A: We study participants across a really wide age range–all the way from preschool to the elderly. When and if the pandemic ever ends, I can imagine that there will be a new normal where we retain some of the online testing, but [it] will be with older kids and adults ([not] with preschoolers). I think everybody, at least from my lab and in [Amy’s] national sample, feels that with young kids, this online [format] is not going to be retained. But I think going forward in the new normal online advising is one of the things that we have convinced ourselves…works as well as having [students] sit in a chair in [our] office. We could be in the same room but 90% plus of our communication, I think, can [be] capture[d] in an online session. [There are also] a lot of things to do with testing that we have all now become accustomed to. Just this week I had a student in one my classes [that] couldn’t take a test that’s scheduled this coming week. I shot an email to my TA team, and it was very easy to come up with an asynchronous recording of our class and have a function where she could take the test. So those kinds of things, I think, are good things that have resulted from the pandemic. Going forward, even when we’re back to in-person teaching, these kinds of fixes for things like testing conflicts will effortlessly default to doing it in some online fashion.

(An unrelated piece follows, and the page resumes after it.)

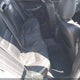 1HGCM56815A110537 2005 Honda Accord 2.4 Ex auction photo thumbnail 8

I [have done] all my lab meetings online for a year now, and I’m not convinced that’s as good as in-person. I sit there and I look at these thumbnail photos of my students in the lab going around the screen. They might use the “raise hand” gesture or something, but all the spontaneity, all the give and take, I don’t sense that I get that with the graduate students. The undergrad classes that I teach are somewhat better because they’re mostly lecture. I have enough colleagues who like online teaching, so that when we are no longer required to do it online, they still want to do it online. I’m not one of them. I would prefer to be there in person.

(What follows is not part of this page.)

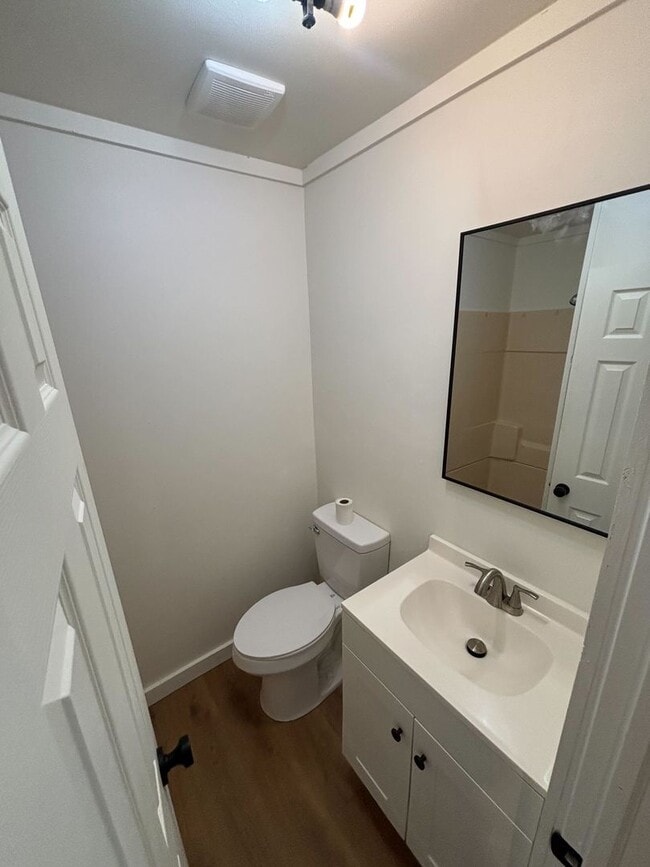 Photo - Cranfield Resort Unit Cranfield Resort Suite 7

Q:Are there any big lessons that academics could take away from this year?
A: This isn’t specific to psychology or academic psychology, but we need to disabuse ourselves of the notion that because we’ve been doing something a certain way for 100 years, it’s the best or only way to do it. That’s simply not the case. I have colleagues that are clinical psychologists, and a client comes to their office, sits in a chair, and they talk for 45 minutes and [the clinician bills] the insurance company for that. Prior to the pandemic, insurance companies would not pay for telemedicine or clinical services, but they’ve come to have to do it. And my friends who are clinicians say, “You know what, it’s no different than having the person sitting in my office talking about how their week went, what their upsets were,” and so on. I think that just because someone, in this case clinicians, has been doing something a certain way since Freud that that’s not the only way or best way. I think that’s also true for we academicians.

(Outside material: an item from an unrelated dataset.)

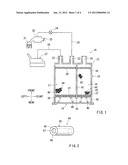 SHAPED HEAT STORAGE MATERIALS diagram and image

I have a doctoral student and she’s going to be defending her dissertation this summer. We’ve been talking about different dates for her to do it. In the pre-pandemic, these things were very rigidly regulated by universities. You couldn’t do it in the summer [because] the faculty were on nine-month contracts [and] everybody had to be there physically at the same time. Now that’s totally gone out the window. I think that it’s good that it’s gone out the window. It adds a great deal more flexibility. So I think that’s one take-home that again. Simply because something was the standard operating procedure for a long time, [does not mean] it’s the best or only way to do it. Post-pandemic we’ll have a lot more flexibility to meet our students’ needs.